[Exercise inputs]

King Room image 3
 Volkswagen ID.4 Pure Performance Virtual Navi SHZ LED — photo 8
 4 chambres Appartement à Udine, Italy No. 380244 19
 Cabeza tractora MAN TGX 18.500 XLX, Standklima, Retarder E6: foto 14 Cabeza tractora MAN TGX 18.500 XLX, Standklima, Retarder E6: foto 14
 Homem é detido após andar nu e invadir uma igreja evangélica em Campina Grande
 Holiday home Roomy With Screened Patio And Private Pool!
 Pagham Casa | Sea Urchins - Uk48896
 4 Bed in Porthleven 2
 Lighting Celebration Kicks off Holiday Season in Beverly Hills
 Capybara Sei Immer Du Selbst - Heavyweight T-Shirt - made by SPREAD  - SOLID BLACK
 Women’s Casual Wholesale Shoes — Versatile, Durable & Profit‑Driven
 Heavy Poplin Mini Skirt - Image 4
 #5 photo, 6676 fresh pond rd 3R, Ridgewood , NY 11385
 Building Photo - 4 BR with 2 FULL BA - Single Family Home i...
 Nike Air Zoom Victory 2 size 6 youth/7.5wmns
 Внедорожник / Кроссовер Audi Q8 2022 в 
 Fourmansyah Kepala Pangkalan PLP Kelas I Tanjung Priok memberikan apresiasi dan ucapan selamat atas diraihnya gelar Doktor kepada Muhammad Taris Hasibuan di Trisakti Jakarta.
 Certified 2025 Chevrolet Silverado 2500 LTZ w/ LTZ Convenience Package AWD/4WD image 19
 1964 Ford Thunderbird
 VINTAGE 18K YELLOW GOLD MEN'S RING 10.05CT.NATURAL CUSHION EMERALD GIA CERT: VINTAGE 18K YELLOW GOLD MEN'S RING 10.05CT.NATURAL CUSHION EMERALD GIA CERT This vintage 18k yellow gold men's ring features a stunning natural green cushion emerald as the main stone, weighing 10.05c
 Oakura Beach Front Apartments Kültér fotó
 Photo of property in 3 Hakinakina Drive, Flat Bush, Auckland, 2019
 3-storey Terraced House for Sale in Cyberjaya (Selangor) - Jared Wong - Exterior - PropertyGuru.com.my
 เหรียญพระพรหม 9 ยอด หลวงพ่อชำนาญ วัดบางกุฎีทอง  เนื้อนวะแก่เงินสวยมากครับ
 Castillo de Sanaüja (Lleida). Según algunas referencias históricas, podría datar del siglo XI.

[/Exercise inputs]

To do.
For every line in the data above that holds "Holiday", return the line itself.

Output.
 Holiday home Roomy With Screened Patio And Private Pool!
 Lighting Celebration Kicks off Holiday Season in Beverly Hills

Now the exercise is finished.